Abstract

Spent nuclear fuels (SNFs) are stored in stainless steel canisters at Independent Spent Fuel Storage Installations (ISFSIs) typically near the seashore. During long-term storage of these canisters in the dry cask storage system (DCSS), chloride-induced stress corrosion cracking (CISCC) could occur due to the deliquescence of concentrated salt deposits on the canister surface. To evaluate such flaws on the accessible exterior metallic portions of containment systems while in service, the ASME Section XI Code Case N-860 provides inservice inspection requirements for aging management of canisters manufactured with welded austenitic stainless steels. It is noteworthy that CISCC crack growth rate (CGR) model in Code Case N-860 consists of the constitutive equations with temperatures (canister surface temperatures, storage site yearly mean temperature, and ambient temperature measured at overpack inlet) and is independent of stress intensity factor or other environmental factors.
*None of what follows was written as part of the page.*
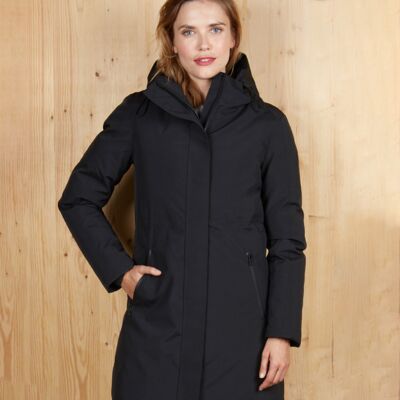 NEOBLU Ladies Alfi Warm Parka Jacket Thumbnail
In this work, the mean temperature effect of the local storage site on the CGR is analyzed based on the CISCC CGR model in Code Case N-860. The specified mean temperature in the Code Case is calculated yearly however, the crack growth by CISCC can be evaluated differently if the mean temperature of storage site with a large annual range of temperature such as South Korea is applied. In that case, the monthly mean temperature is adjusted as the yearly mean temperature so the effect of averaging range for calculating the mean temperature is analyzed. Firstly, climate data of some candidate sites for the storage in South Korea are measured from Korea Meteorological Administration (KMA). The climate data of the Diablo Canyon Power Plant located in California (United States) is obtained from National Weather Service (NWS) for comparison. Yearly data from 2012 to 2020 are applied and the crack growth is estimated for sites of different annual ranges.